My lovely bride went on her 64th birthday ride yesterday. 
Almost 19 miles, 3200 feet of climbing to an elevation of 9800 feet in the Wasatch. She's been riding for 6 years, now and getting stronger and more technically proficient every year!
https://www.relive.cc/view/1130290187


----------



## Sparticus (Dec 28, 1999)

MSU Alum said:


> My lovely bride went on her 64th birthday ride yesterday.
> Almost 19 miles, 3200 feet of climbing to an elevation of 9800 feet in the Wasatch. She's been riding for 6 years, now and getting stronger and more technically proficient every year!
> https://www.relive.cc/view/1130290187


Wow! That's nuthin' but AWESOME! Happy birthday and way to go, Ruth!
=sParty


----------



## jcd46 (Jul 25, 2012)

Happy Birthday to her. Impressive, and inspirational!


----------



## Lone Rager (Dec 13, 2013)

MSU Alum said:


> My lovely bride went on her 64th birthday ride yesterday.
> Almost 19 miles, 3200 feet of climbing to an elevation of 9800 feet in the Wasatch. ...


Only one bride?


----------



## MSU Alum (Aug 8, 2009)

Lone Rager said:


> Only one bride?


Yep, as far as she knows.


----------



## DIRTJUNKIE (Oct 18, 2000)

Sparticus said:


> Wow! That's nuthin' but AWESOME! Happy birthday and way to go, Ruth!
> =sParty


Ditto!

I hired a band to wish her a Happy Birthday.

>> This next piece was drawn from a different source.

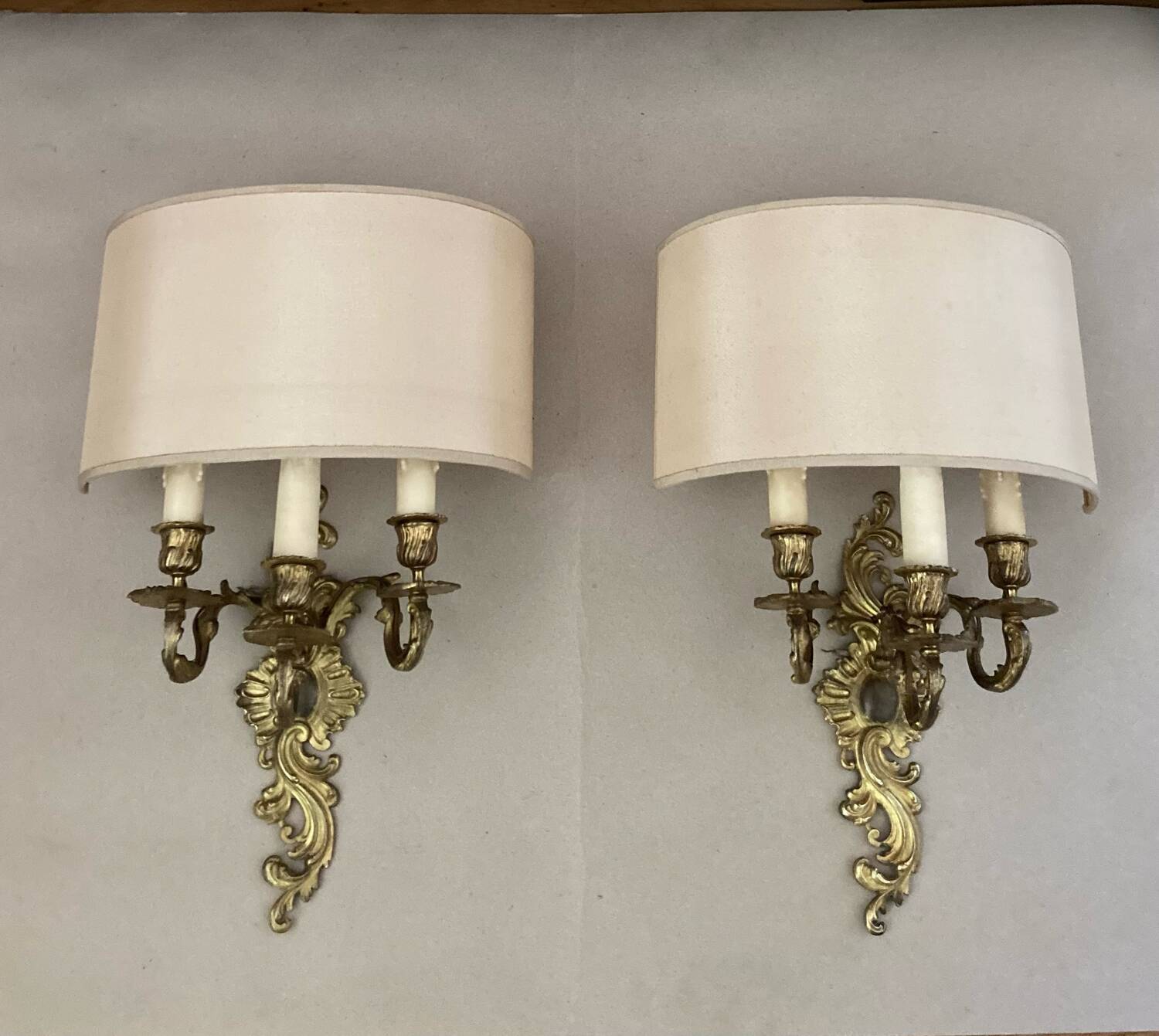 Louis XV gilt bronze wall lights from the 19th century with lampshades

:band::rant::rockon::rockon::rockon::drumroll::smallviolin::smallviolin::rant:


----------



## Ericmopar (Aug 23, 2003)

MSU Alum said:


> My lovely bride went on her 64th birthday ride yesterday.
> Almost 19 miles, 3200 feet of climbing to an elevation of 9800 feet in the Wasatch. She's been riding for 6 years, now and getting stronger and more technically proficient every year!
> https://www.relive.cc/view/1130290187


May you also have a great ride to a great spot, when U.P. gets 4014 restored and running on it's native tracks.


----------



## MSU Alum (Aug 8, 2009)

Ericmopar said:


> May you also have a great ride to a great spot, when U.P. gets 4014 restored and running on it's native tracks.

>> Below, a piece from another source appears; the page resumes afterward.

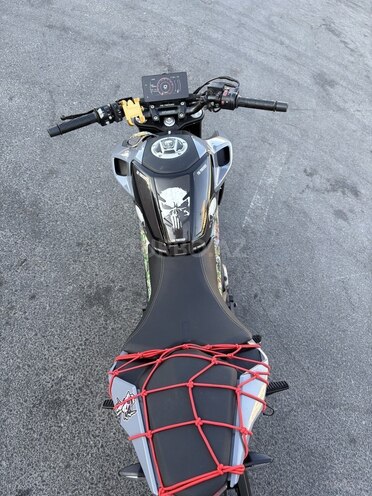 CFMOTO 300 NK-6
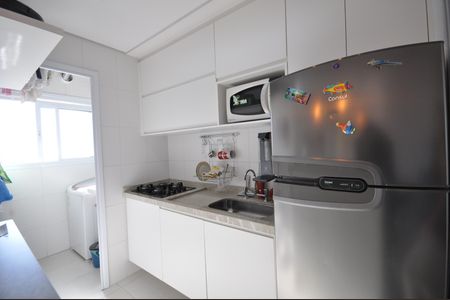 Apartamento à venda com 60m², 2 quartos e 2 vagasCozinha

Thanks. Is there going to be an additional trail put up?


----------



## cyclelicious (Oct 7, 2008)

Happy Birthday Ruth and many more (birthdays and rides  )

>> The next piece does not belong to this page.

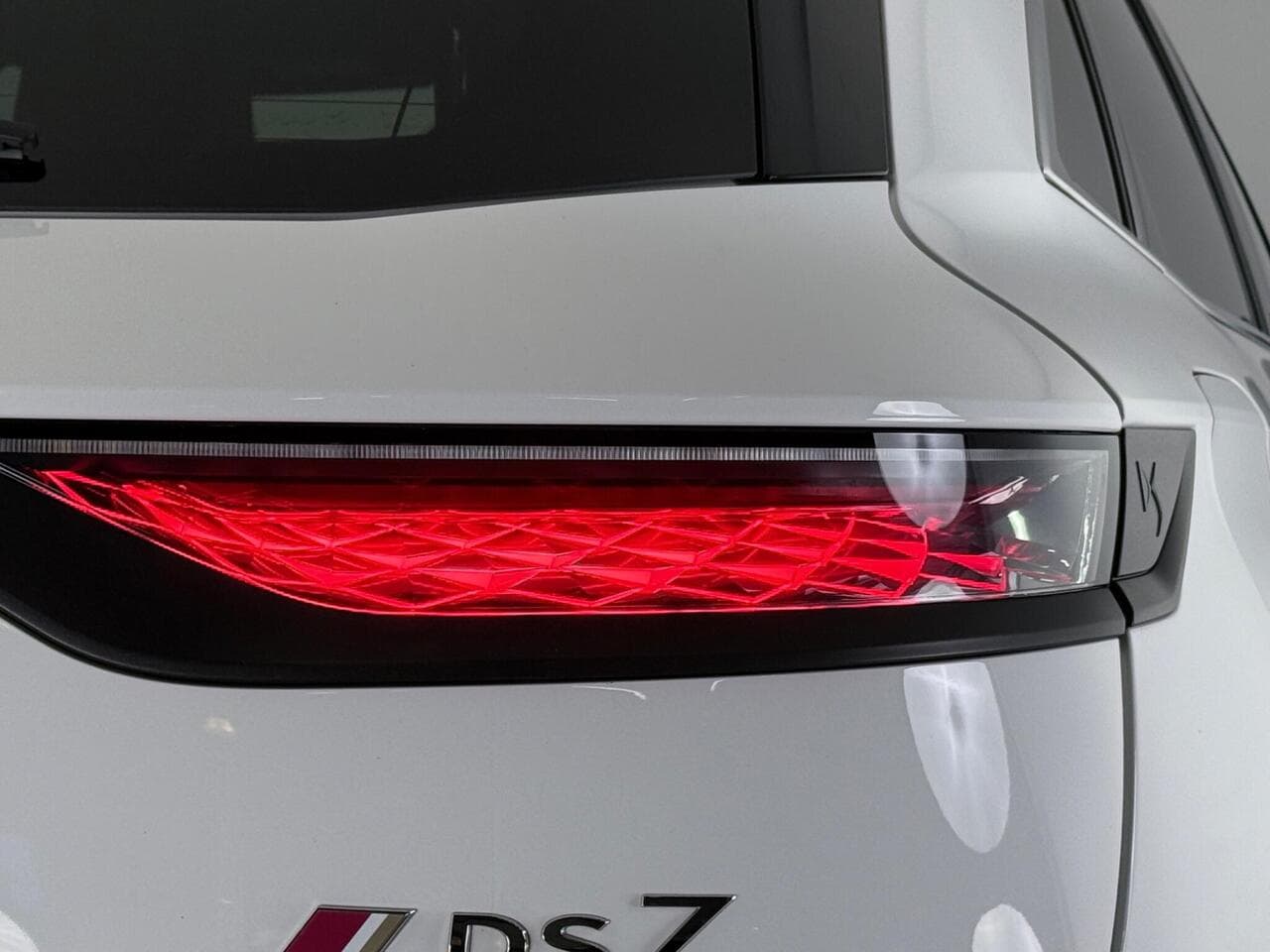 DS AUTOMOBILES DS 7 CROSSBACK thumbnail Lights Rear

That's a cool graphic of the ride


----------



## bitflogger (Jan 12, 2004)

Nice. Thanks for sharing.


----------



## Lone Rager (Dec 13, 2013)

MSU Alum said:


> Yep, as far as she knows.


It is Utah.


----------



## MSU Alum (Aug 8, 2009)

Lone Rager said:


> It is Utah.


Of course, I knew exactly what you meant....We're limited in number of sister wives by the cost of really nice bikes for all of them!


----------



## stenou (May 1, 2012)

Impressive.


----------